Daniel Farke, treinador do Leeds - Foto: IMAGO

Os bastidores da sobrevivência do Leeds: a aposta em Farke, o risco com Calvert-Lewin e o papel de Ampadu

Artigo do The Athletic conta como o treinador alemão conseguiu o milagre em Elland Road

O Leeds United garantiu a permanência na Premier League, contrariando a tendência recente de despromoção imediata das equipas recém-promovidas. A manutenção foi selada após a derrota do West Ham United frente ao Arsenal, mas o caminho até aqui foi marcado por momentos de grande tensão, sobretudo para o treinador Daniel Farke, que esteve à beira do despedimento. O The Athletic conta a história.

No início do inverno, a posição de Farke parecia insustentável. Após uma derrota em casa contra o Aston Villa, a quinta em seis jogos, o descontentamento dos adeptos em Elland Road era evidente. Durante o jogo, ouviram-se apelos por substituições e, no final, cânticos como «Não sabes o que estás a fazer» marcaram a habitual volta do treinador ao relvado. Um adepto chegou mesmo a invadir a área técnica para confrontar o alemão antes de ser retirado pela segurança.

Esse foi o ponto mais baixo da passagem de Farke por West Yorkshire. Seguiu-se uma semana decisiva, com jogos contra Manchester City, Chelsea e Liverpool, que poderiam ter agravado a crise. Fontes próximas do treinador e do plantel revelaram ao The Athletic que uma derrota pesada em qualquer um desses encontros teria ditado o seu afastamento. No entanto, fontes do clube indicam que a situação não era tão linear assim.

Apesar das conversas diárias da direção sobre o futuro do treinador, um fator foi crucial: a equipa continuava a jogar por Farke, mesmo com os maus resultados. A administração, liderada pelo presidente Paraag Marathe, reconhecia a dificuldade em encontrar um substituto a curto prazo e optou por manter a confiança, embora estivesse preparada para agir em caso de colapso da equipa.

Manchester, cidade da 'revolução'

A reviravolta aconteceu a 29 de novembro, ao intervalo do jogo no Etihad Stadium. Cinco meses depois, a aposta em Farke foi justificada. Enquanto todos os clubes nos últimos cinco lugares da tabela mudaram de treinador, o Leeds manteve a estabilidade e quebrou o ciclo das últimas seis equipas promovidas, que tinham acabado por descer.

A estratégia para a sobrevivência começou no mercado de verão, com um perfil de contratações bem definido: jogadores com altura, força física, experiência e maturidade. Todas as dez aquisições tinham entre 25 e 28 anos, uma aposta clara num núcleo de jogadores no auge da carreira, algo que mais nenhum clube da Premier League fez de forma tão concentrada.

O capitão Ethan Ampadu foi uma voz ativa no balneário, sublinhando a necessidade de reforçar a equipa após a subida para evitar qualquer tipo de complacência. A aposta em jogadores físicos e bons executantes de lances de bola parada deu frutos, como demonstrou a parceria entre Sean Longstaff e Joe Rodon, com este último a marcar dois golos de canto no outono.

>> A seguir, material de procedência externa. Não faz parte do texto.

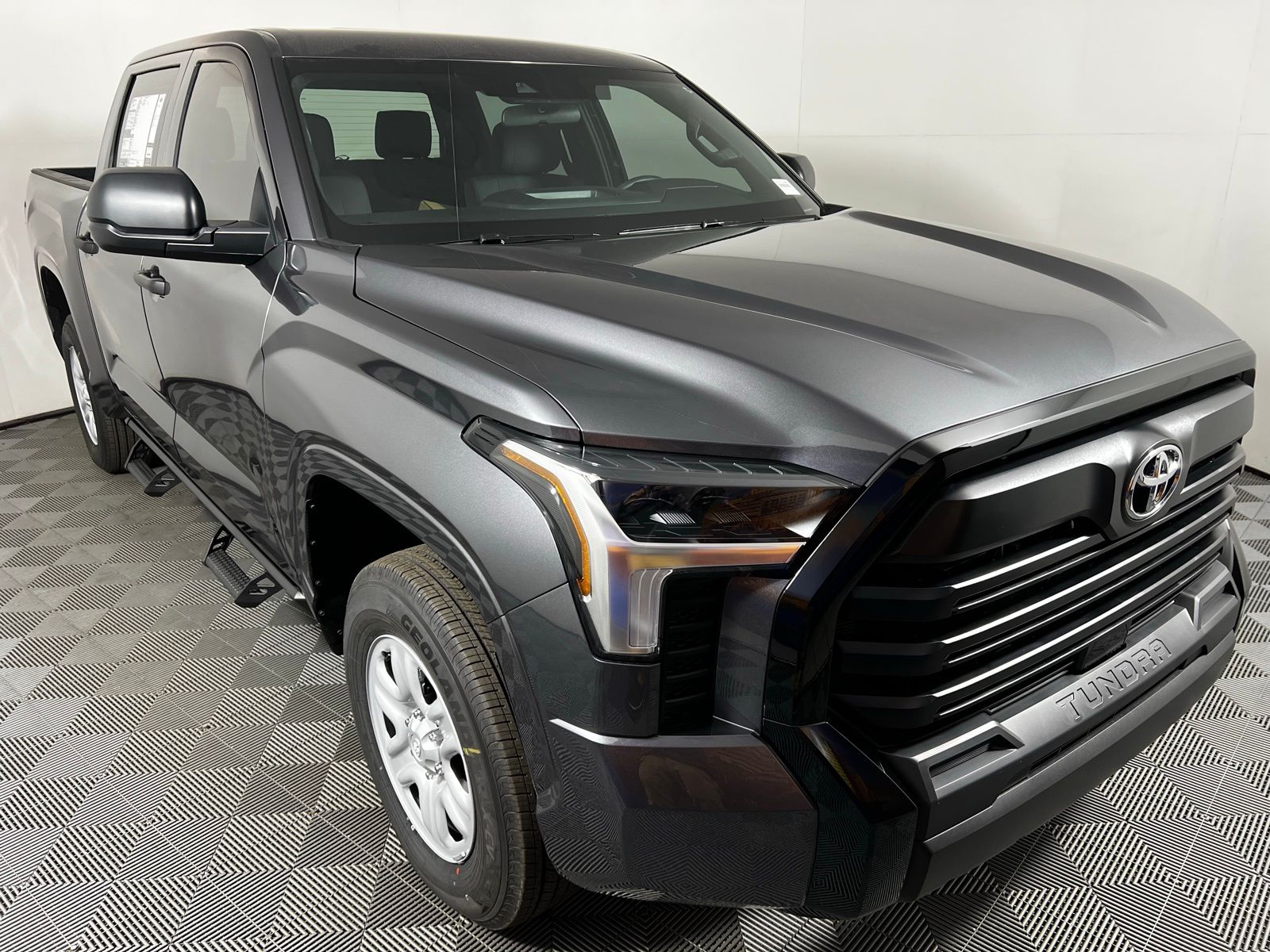 2025 Toyota Tundra SR 3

Curiosamente, o segundo golo de Rodon, numa vitória sobre o West Ham, ocorreu horas depois de uma reunião entre a direção e investidores da 49ers Enterprises, onde se destacou precisamente a importância dos jogadores físicos e da maximização das bolas paradas.

O mercado de transferências também teve os seus contratempos. Uma proposta por Pascal Struijk em agosto foi recusada, pois o clube considerou o jogador demasiado importante para ser vendido tão perto do fecho da janela. No último dia, a tentativa de contratar Harry Wilson foi frustrada pelo Fulham, uma desilusão para o Leeds, especialmente tendo em conta o excelente desempenho do jogador ao longo da época.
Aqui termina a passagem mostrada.